→ Your task
Could you give again exactly, and only, the lines from the one holding "Personalised Floral Triple Tea Light Box" through the end of the data, both ends included, with pictures left out?

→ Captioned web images
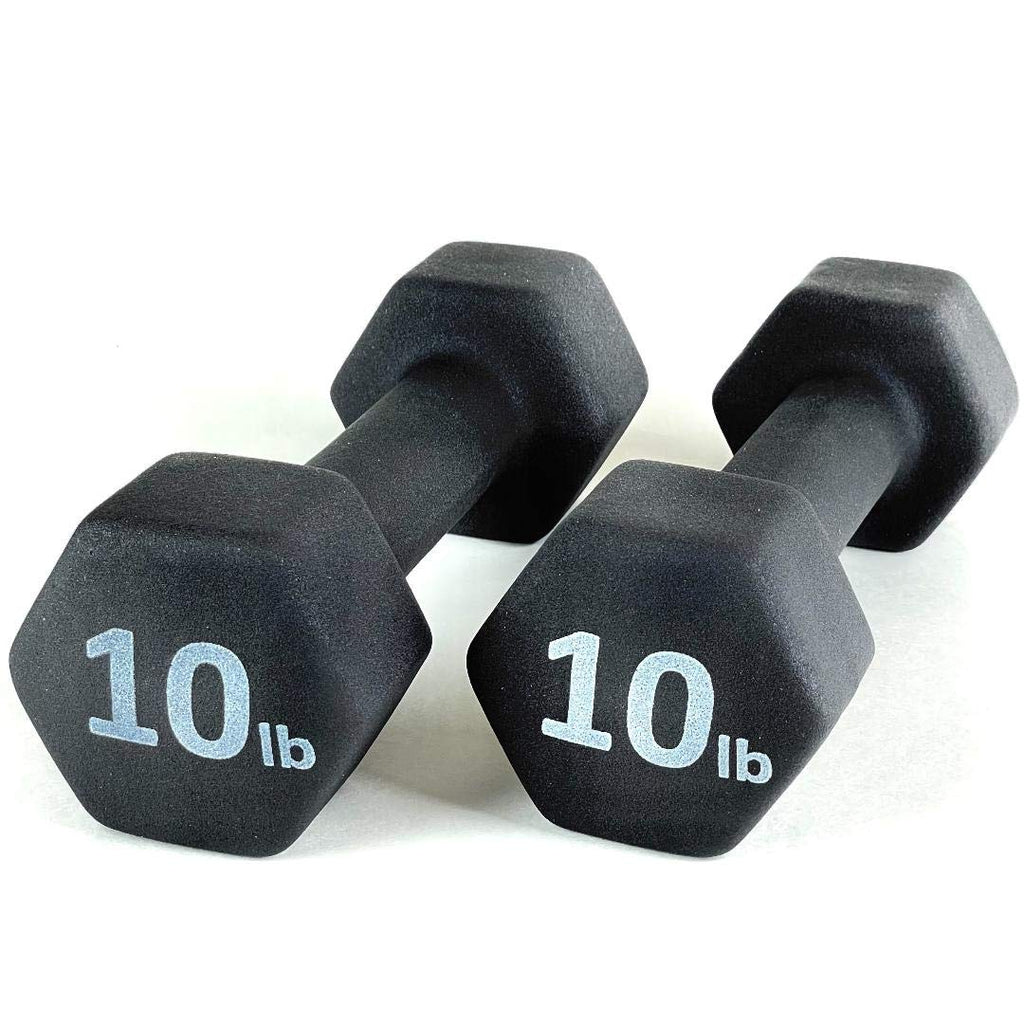 Black 10LB Set of 2 Neoprene Coated Hex Dumbbell V393135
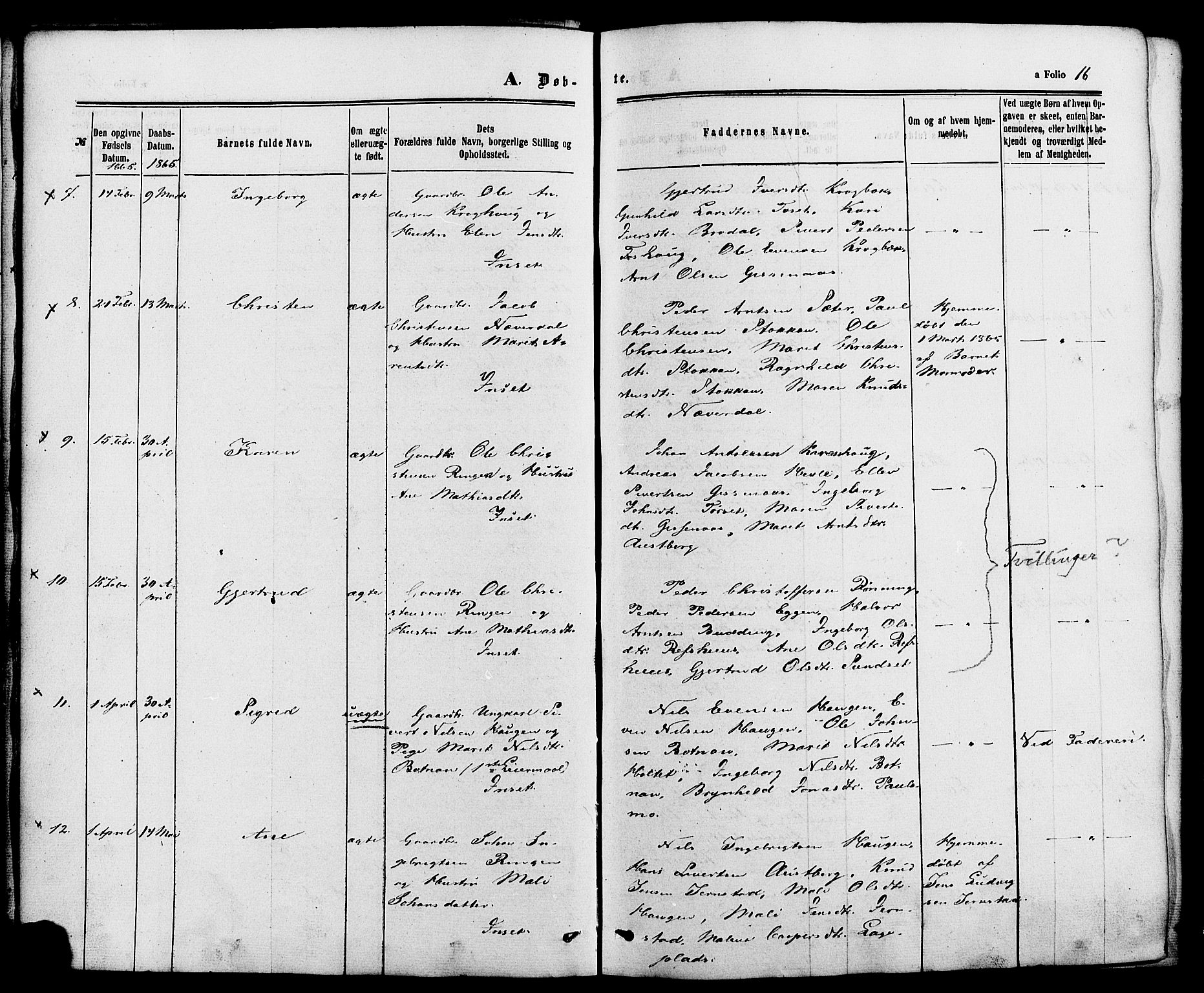 Kvikne prestekontor, SAH/PREST-064/H/Ha/Haa/L0006: Parish register (official) no. 6, 1863-1886, p. 16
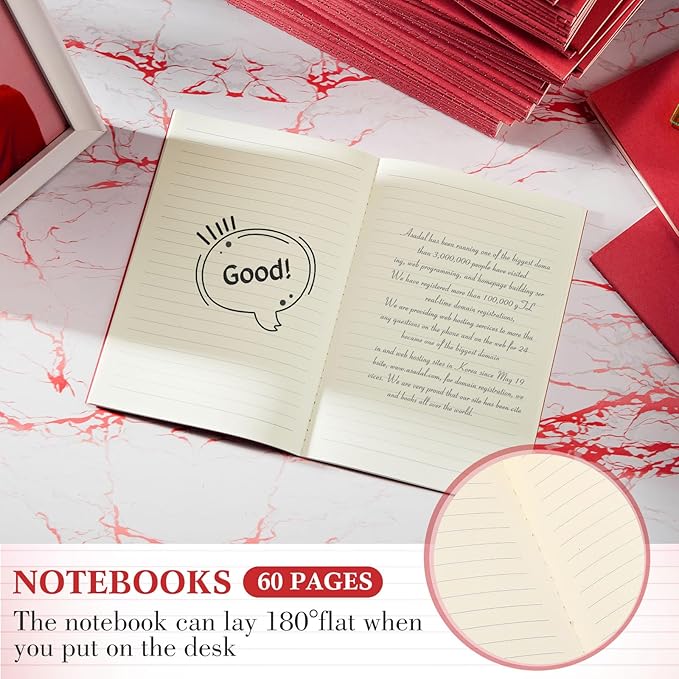 100 Pcs Kraft Notebook Journals 5.5 Inch x 8.3 Inch A5 Softcover Notebooks Bulk for Writing Sketch Office Notepad with 60 Pages 30 Sheets (Multicolor,Lined) (Red,Lined)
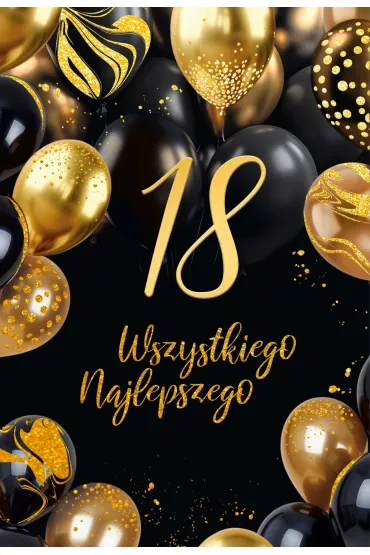 Karnet B6 18 Urodziny z�ote i czarne balony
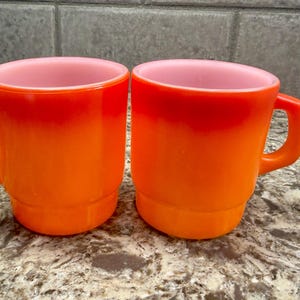 Vintage Anchor Hocking Fire King Orange Ombre Milk Glass Stacking Coffee Mug-set of two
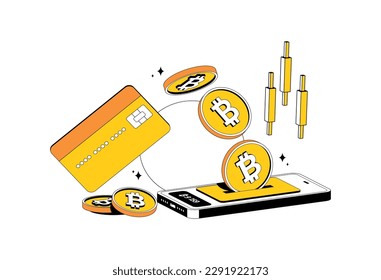 Cryptocurrency bitcoin transfer in isometric style. Online payment with candlestick and card. Crypto to card. Vector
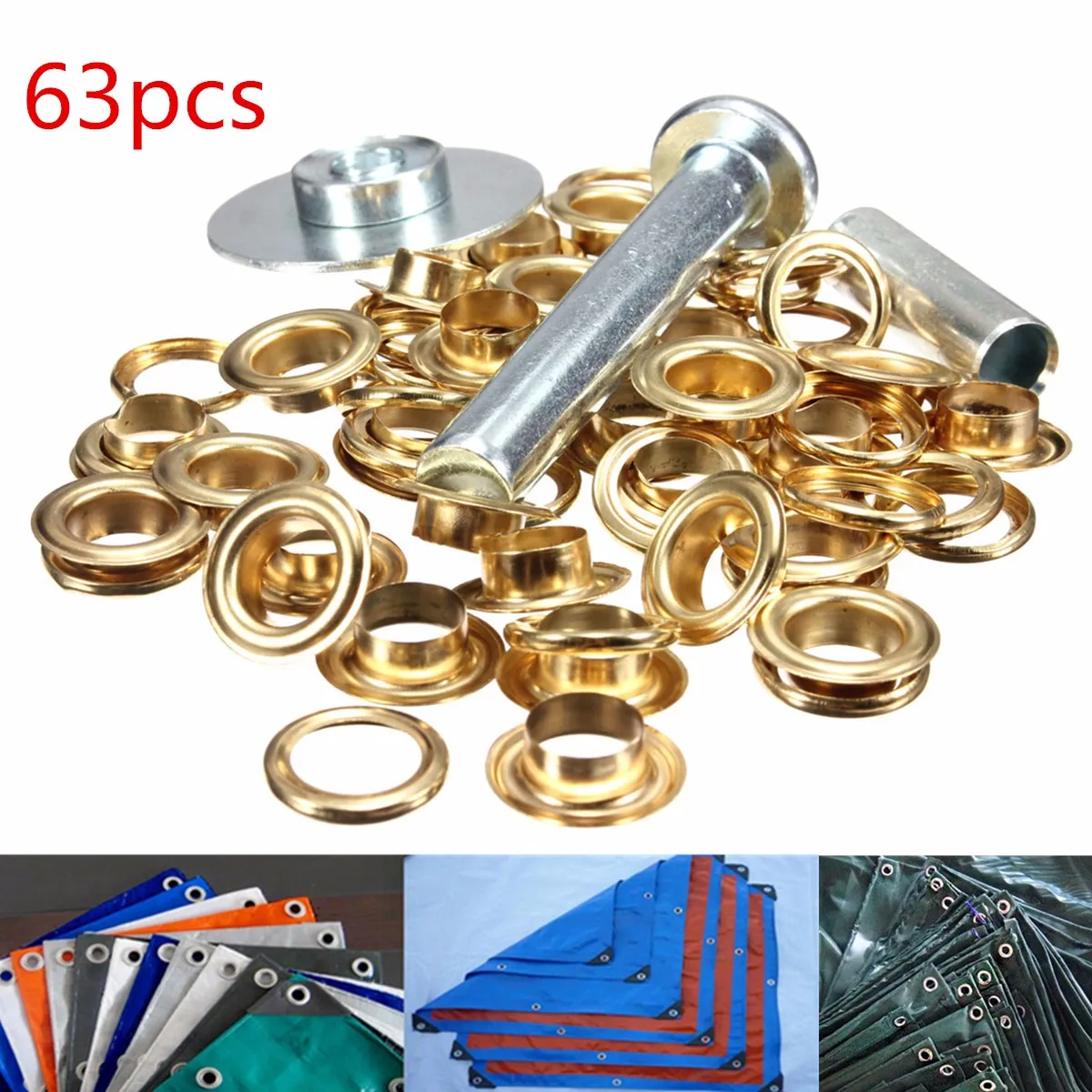 63Pcs Brass Coated Tent Accessories Punch Grommet Tarp Repair Kit Set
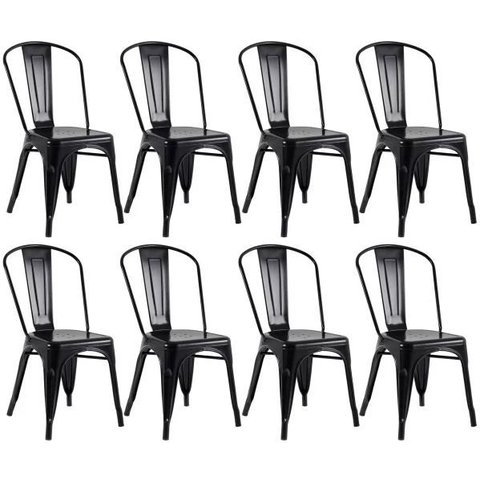 Kit 8 Cadeiras Tolix Iron Design Aço Industrial Sala Cozinha Jantar Bar Preto Brilhante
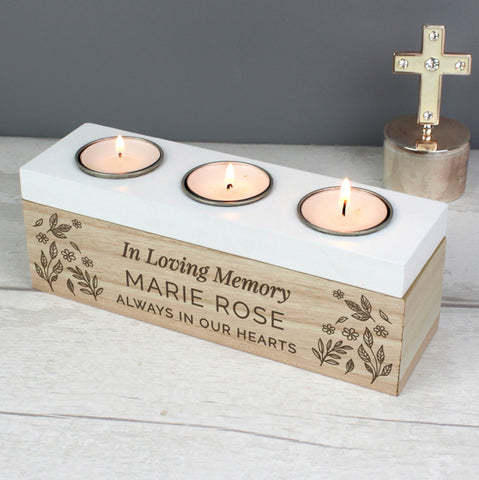 Personalised Floral Triple Tea Light Box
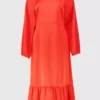 Red Satin Plissé Sleeve Midi Dress 24 -Chic Elixir Sales Store tuc141965501 Pink R Z003A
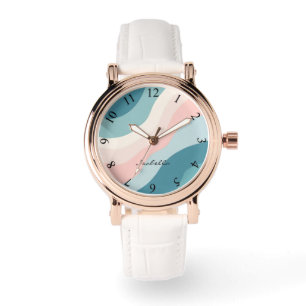 Montre Collection Abstrait Moderne Rose Pâle Menthe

→ Response for this exercise
 Personalised Floral Triple Tea Light Box
 Red Satin Plissé Sleeve Midi Dress 24 -Chic Elixir Sales Store tuc141965501 Pink R Z003A
 Montre Collection Abstrait Moderne Rose Pâle Menthe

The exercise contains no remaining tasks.